In deze zaak oordeelt het HvJ dat een Belgische renteaftrekbeperking bij deelnemingen in strijd is met de Moeder-dochterrichtlijn (MDR). Het uitgangspunt onder de Belgische regeling is dat een Belgische moeder 95% van het ontvangen deelnemingsdividend mag aftrekken van haar winst. Dit komt de facto neer op een forfaitaire renteaftrekbeperking van 5% die in deze zaak verder niet in geschil is.
Bovenop deze maatregel geldt dat gedurende het eerste jaar na verwerving van een deelneming rente niet aftrekbaar is tot het beloop van het ontvangen deelnemingsdividend. Deze niet-aftrekbaarheid wordt niet beperkt tot de rente die verband houdt met de financiering van de deelneming. Het Hof beslist dat dit laatste (aftrekverbod van alle rente) in strijd is met de MDR en dat het aftrekverbod beperkt moet blijven tot rente die verband houdt met de deelneming.
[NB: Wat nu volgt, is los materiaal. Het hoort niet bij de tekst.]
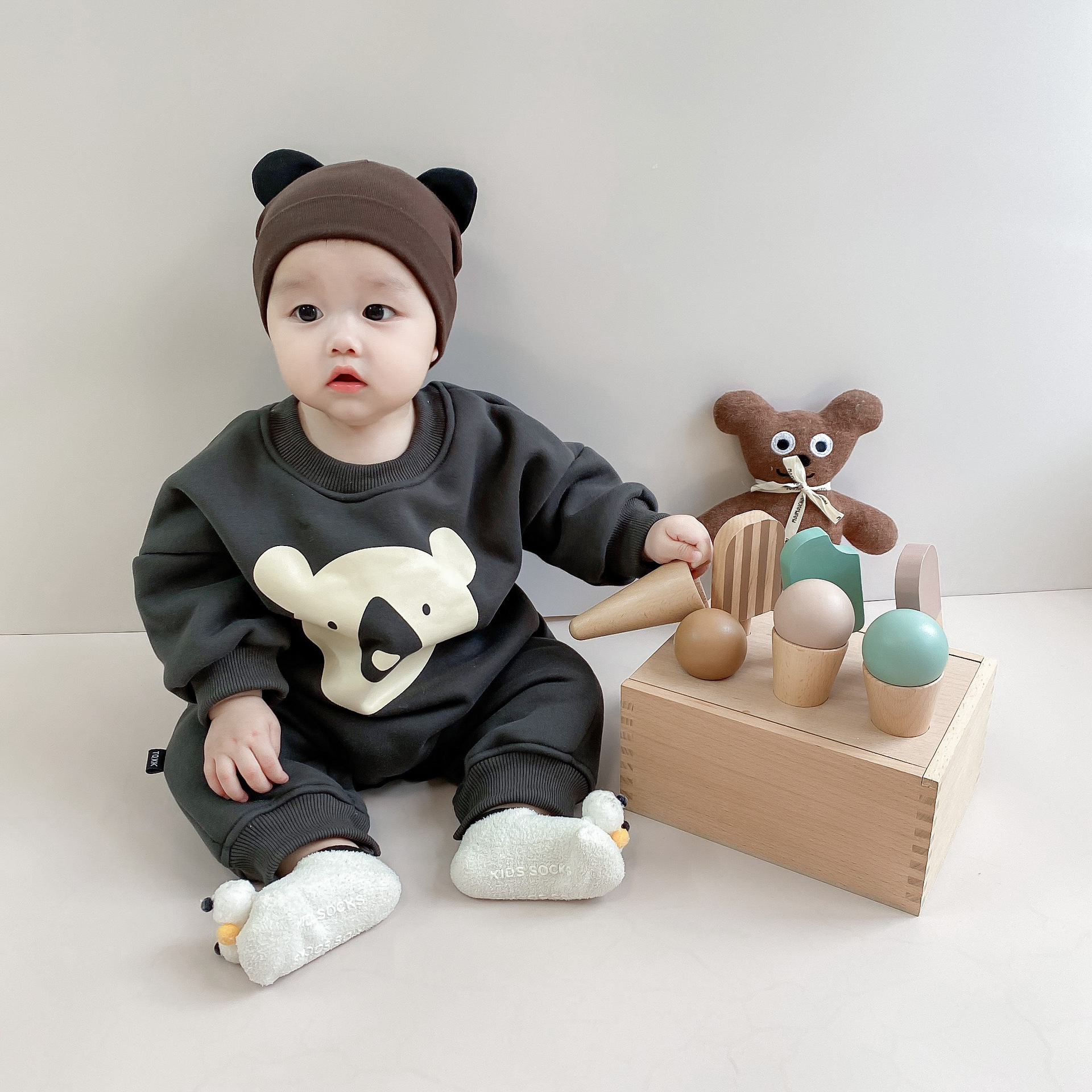 2020婴儿秋冬装宝宝连体衣加绒加厚爬服婴幼儿外出服网红哈衣可爱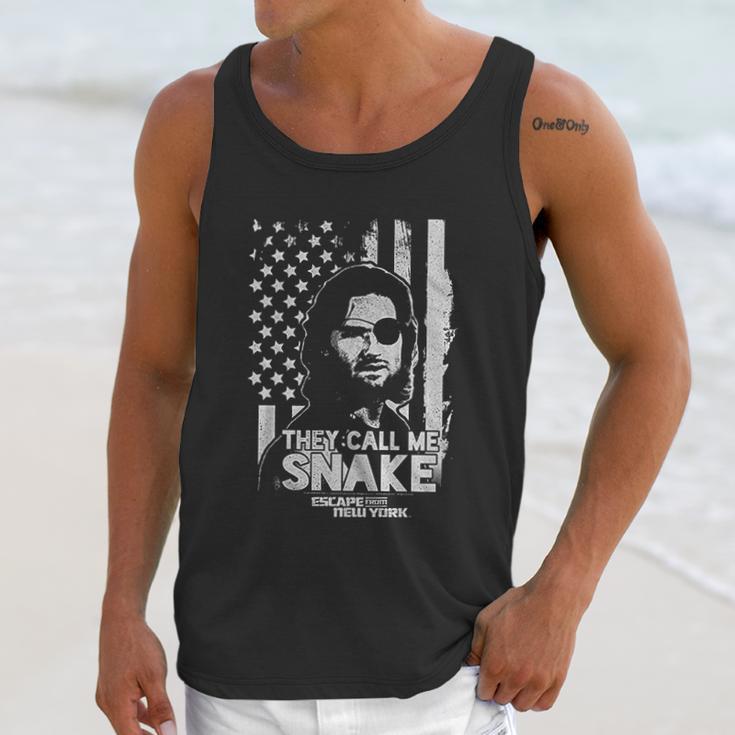 Escape From New York Snake Flag Men Tank Top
Nederland kent eveneens een renteaftrekbeperking bij deelnemingen. Anders dan in de Argenta casus knoopt deze renteaftrekbeperking echter niet aan bij het ontvangen deelnemingsdividend. Het arrest bevestigt hoe dan ook dat renteaftrekbeperkingen moeten voldoen aan de eisen die voortvloeien uit het secundaire (en primaire) EU-recht.